例えば、第一導通板24及び第二導通板25を構成する金属の熱伝導率を本体部23を構成する金属より高くし、かつ、本体部23を構成する金属を第一導通板24及び第二導通板25を構成する金属より柔らかい材料により構成してもよい。このようにすれば、第一導通板24及び第二導通板25から本体部23により熱が伝わり易くなるので、シールド部材22全体の放熱機能が向上する。さらに本体部23を曲げ易くなるので、本体部23を筒状に加工するのが容易になる。
さらに本体部23に形成する貫通孔23a(第一導通板24)及び貫通孔23b(第二導通板25)の数、形状、位置は上記実施形態のものには限定されない。
またシールド部材22を本体部23と第一導通板24と第二導通板25に分けずに一体成形品としてもよい。

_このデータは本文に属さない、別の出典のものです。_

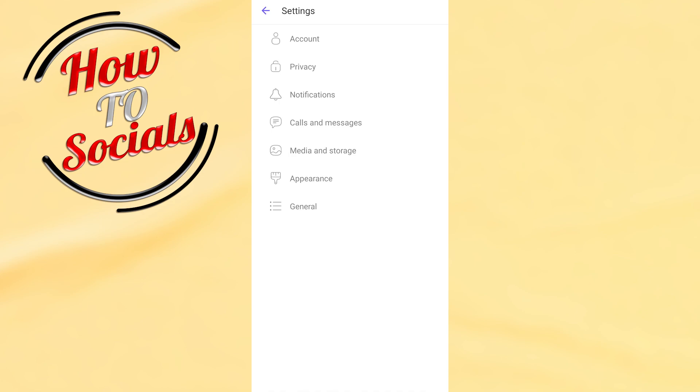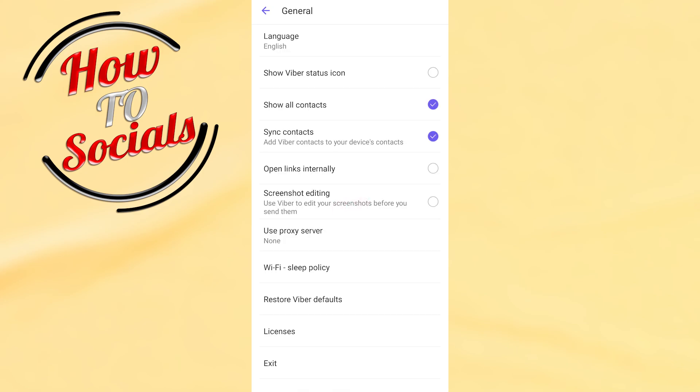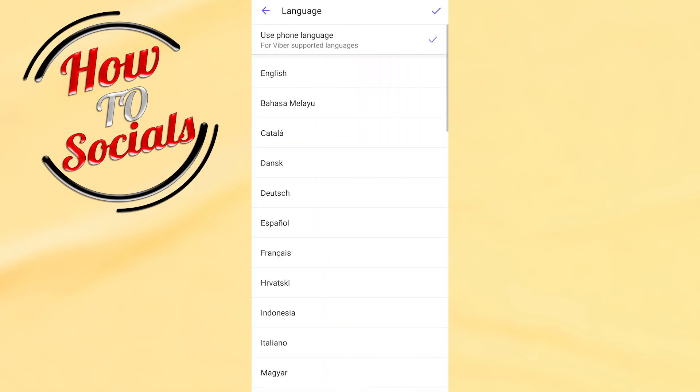You need to choose the last one which is general, and then you need to go for the first option which is language. Go for it and here you can change your language on Viber.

さらに斜視型の内視鏡、超音波内視鏡、或いは工業用内視鏡に対して本発明を適用してもよい。
11 操作部
12 挿入部
13 ユニバーサルチューブ
14 コネクタ部
14A 画像処理用接続スリーブ
15 湾曲操作レバー
16 可撓管部
17 湾曲部
18 先端部
19 外皮材
20 先端硬質部
20a 収納孔
20a1 前部孔
20a2 後部孔
21 撮像ユニット
22 シールド部材
23 本体部
23a 貫通孔(切り欠き)
23b 貫通孔
24 第一導通板
25 第二導通板
27 撮像素子
27a グランド端子
28 撮像面
29 カバーガラス
30 回路基板
31 回路基板(接地回路)
32 画像信号用ケーブル
33 グランド線束
33a 基板接続部
33b シールド部材接続部
34 被覆チューブ
36 エポキシ樹脂製接着剤
38 レンズホルダ
38a 接続部
38b ストッパ部
38c 円筒部
39 第1レンズ
40 レンズ
41 対物レンズ系
A 半田
Claims (4)
- 操作部から前方に延びる挿入部の先端部内に設けた、上記先端部の表面において露出する対物レンズ系と、
上記先端部内に設けた、上記挿入部の軸線方向に延び両端が開口する筒状をなし、かつ接地回路に接地導通する金属製シールド部材と、
上記対物レンズを透過した観察像を撮像する撮像面を前面に備え、かつ、自身の内部回路と導通する複数のグランド端子が外周面から放射状に突出する、上記シールド部材の内部に配設した撮像素子と、
を具備し、
上記グランド端子を上記シールド部材の内面に半田付けしたことを特徴とする内視鏡の挿入部のシールド放熱構造。 - 請求項1記載の内視鏡の挿入部のシールド放熱構造において、
上記シールド部材が、
筒状をなし、かつ上記撮像素子の上記外周面と対向する部位に貫通孔が形成された本体部と、
上記貫通孔と対応する形状をなし、該貫通孔に嵌合した状態で上記グランド端子に半田付けされ、かつ上記本体部と電気的に導通する導通板と、
を有する内視鏡の挿入部のシールド放熱構造。 - 請求項2記載の内視鏡の挿入部のシールド放熱構造において、
上記導通板を構成する金属の熱伝導率が、上記本体部を構成する金属より高く、
上記本体部を構成する金属が、上記導通板を構成する金属より柔らかい内視鏡の挿入部のシールド放熱構造。 - 請求項2または3記載の内視鏡の挿入部のシールド放熱構造において、
上記導通板が上記貫通孔より小寸であり、
上記グランド端子と上記導通板を接合する上記半田が、上記貫通孔の内周縁部と上記導通板の外周縁部の間の隙間を埋めている内視鏡の挿入部のシールド放熱構造。